The dynamic range is fairly large, more than a factor of 1000. The numbers of photons from the bright star in the CCDs for which the phosim runs reached the CPU time limit probably would have been in the same range as for other outlying CCDs.

I can't say whether the 3-30 million photon counts in the outlying CCDs are few enough that not including them would be ok. They are presumably spread fairly broadly. Not counting photons from the bright star, the centroid files indicate that each CCD is detecting about 12.5e9 photons.

Roughly speaking, including this single star in the trimcat files for sensors more than 1 CCD away from the position of the star cost about 25% of the overall CPU time for the entire run, and it would have been more if the jobs had not timed out at 5 CPU days.

SimonKrughoff commented 7 years ago

Now I'm baffled. Right is supposed to be without crosstalk and left is with and they both show the divots. I'll have to look more tomorrow.

image

jchiang87 commented 7 years ago

I'm wondering now if these patches really are crosstalk. The crosstalk matrices are indeed read-in in the e2adc code:

https://bitbucket.org/phosim/phosim_release/src/39f267c3f9733a490de85231cd7ac6c5e7154ebc/source/e2adc/e2adc.cpp?at=master&fileviewer=file-view-default#e2adc.cpp-127

These blotches on the eimages must be something else.

sethdigel commented 7 years ago

Also if they were due to cross talk, I think we would have expected some large, obvious holes due the brightest stars.
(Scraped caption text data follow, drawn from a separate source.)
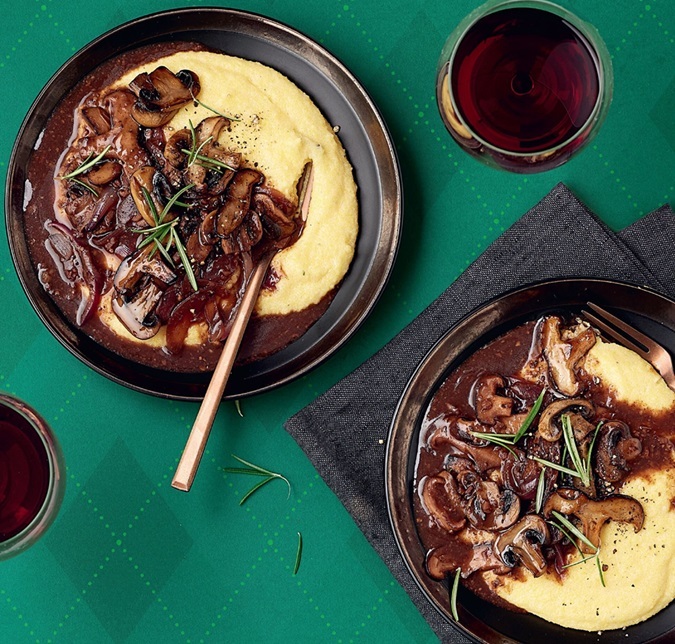 Champignons au vin rouge, polenta crémeuse 2krg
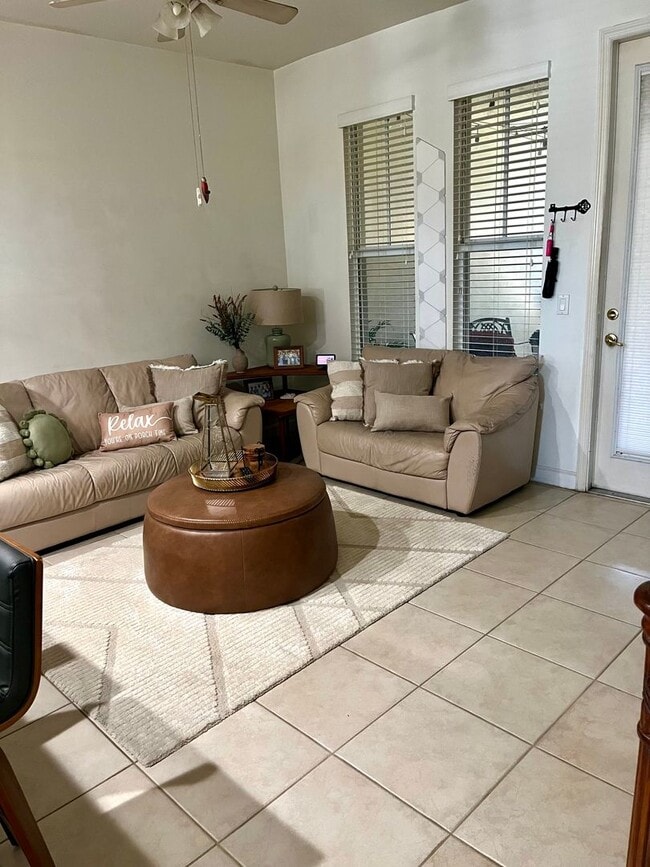 Building Photo - Tradition Townhome with 3 bed/2.5 bath/2 car garage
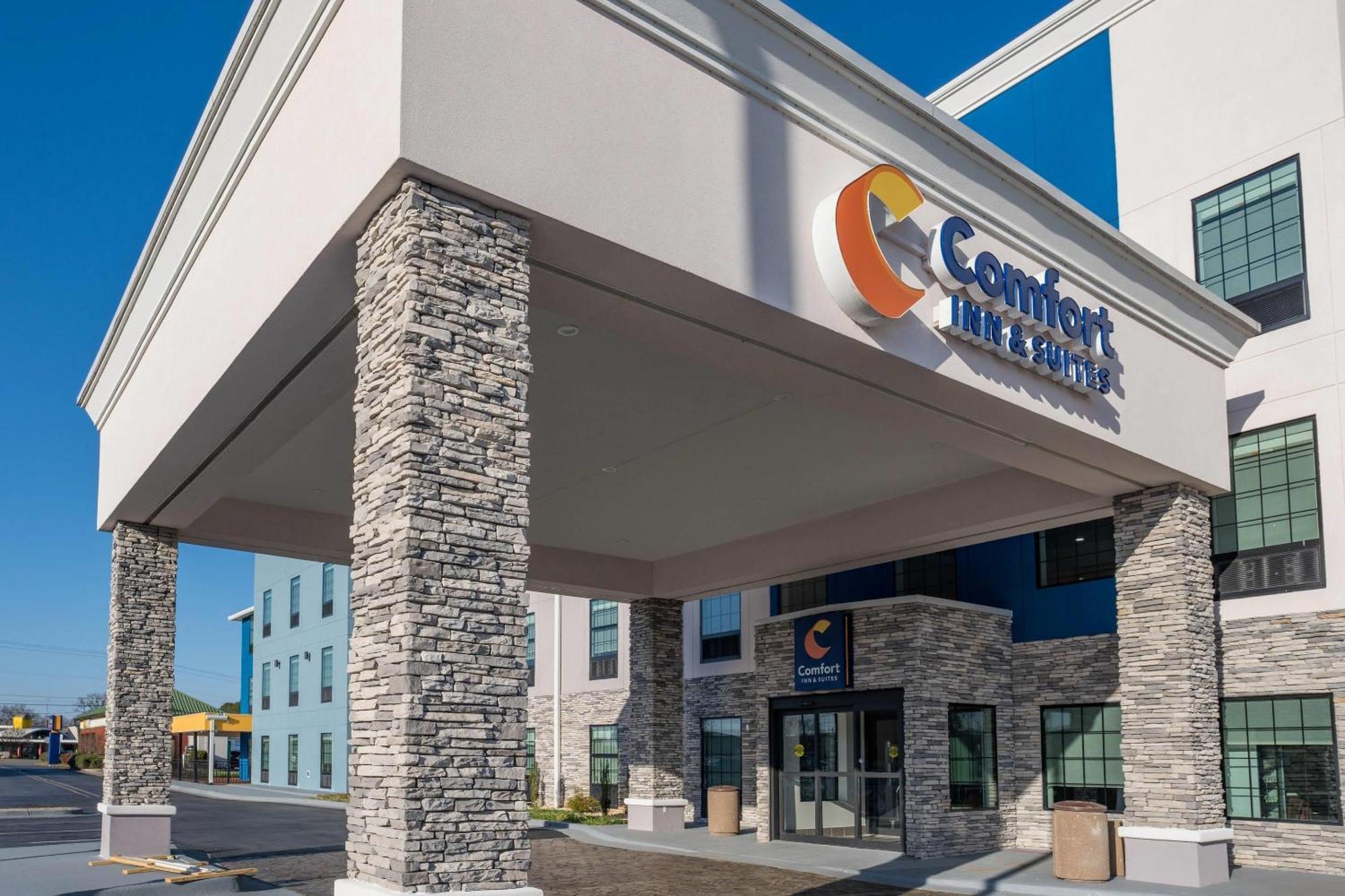 Comfort Inn & Suites River City Decatur Buitenkant foto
Over the summer, Tom duplicated the original Twinkles Run 1 (phosim v3.4.2) with phosim v3.5.2. The inputs were exactly the same. So we have a complete set of images that can be compared. At SLAC the original images are in subdirectories of /nfs/farm/g/desc/u1/Pipeline-tasks/Twinkles-phoSimII/phosim_output/ and the v3.5.2 images are under /nfs/farm/g/desc/u1/Pipeline-tasks/Twinkles-phoSim-352/phosim_output/ Here's a comparison for a visit chosen at random, v.3.5.2 on the left.

phosim_compare

drphilmarshall commented 7 years ago

So v3.5.2 makes negative divots in the images! That is not cool. I can't see any closed or open issues at https://bitbucket.org/phosim/phosim_release/issues - perhaps we should make one? That comparison image is fantastic, Seth. Have you seen this before, @johnrpeterson ?

SimonKrughoff commented 7 years ago

Unfortunately, I don't really have much more time to dig into this. At this point, I am going to suggest that we cut our losses with v 3.5.2 and go with v3.4.x for DC1. Is there a killer feature we get with v3.5.2 that we can't do without?